_Supplied data_:

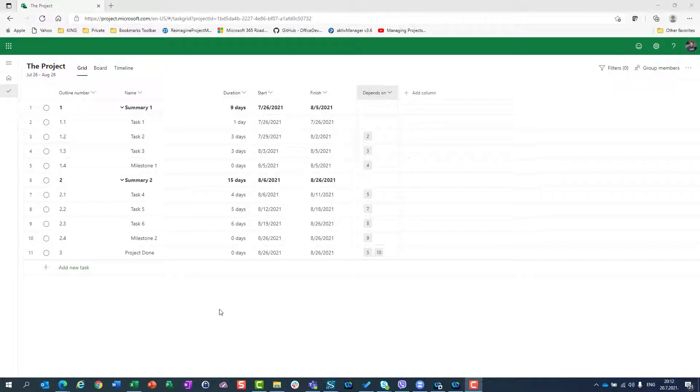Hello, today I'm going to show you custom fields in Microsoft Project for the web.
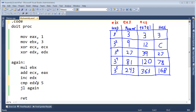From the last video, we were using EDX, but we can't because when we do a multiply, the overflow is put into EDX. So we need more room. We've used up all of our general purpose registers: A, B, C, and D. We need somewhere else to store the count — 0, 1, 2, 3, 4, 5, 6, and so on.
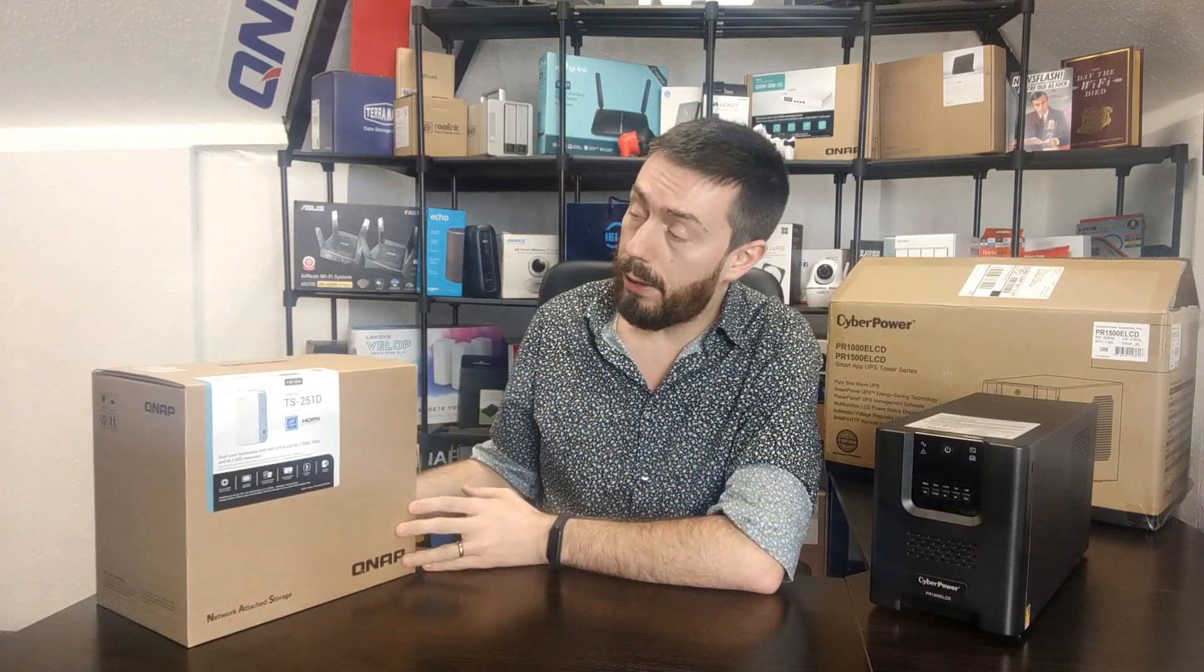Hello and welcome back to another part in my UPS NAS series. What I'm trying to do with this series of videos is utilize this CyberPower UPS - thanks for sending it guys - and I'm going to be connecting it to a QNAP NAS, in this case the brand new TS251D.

_Work item_: Quote in full the listing given above; the images are to be left out.

_Written reply_:
Hello, today I'm going to show you custom fields in Microsoft Project for the web.
From the last video, we were using EDX, but we can't because when we do a multiply, the overflow is put into EDX. So we need more room. We've used up all of our general purpose registers: A, B, C, and D. We need somewhere else to store the count — 0, 1, 2, 3, 4, 5, 6, and so on.
Hello and welcome back to another part in my UPS NAS series. What I'm trying to do with this series of videos is utilize this CyberPower UPS - thanks for sending it guys - and I'm going to be connecting it to a QNAP NAS, in this case the brand new TS251D.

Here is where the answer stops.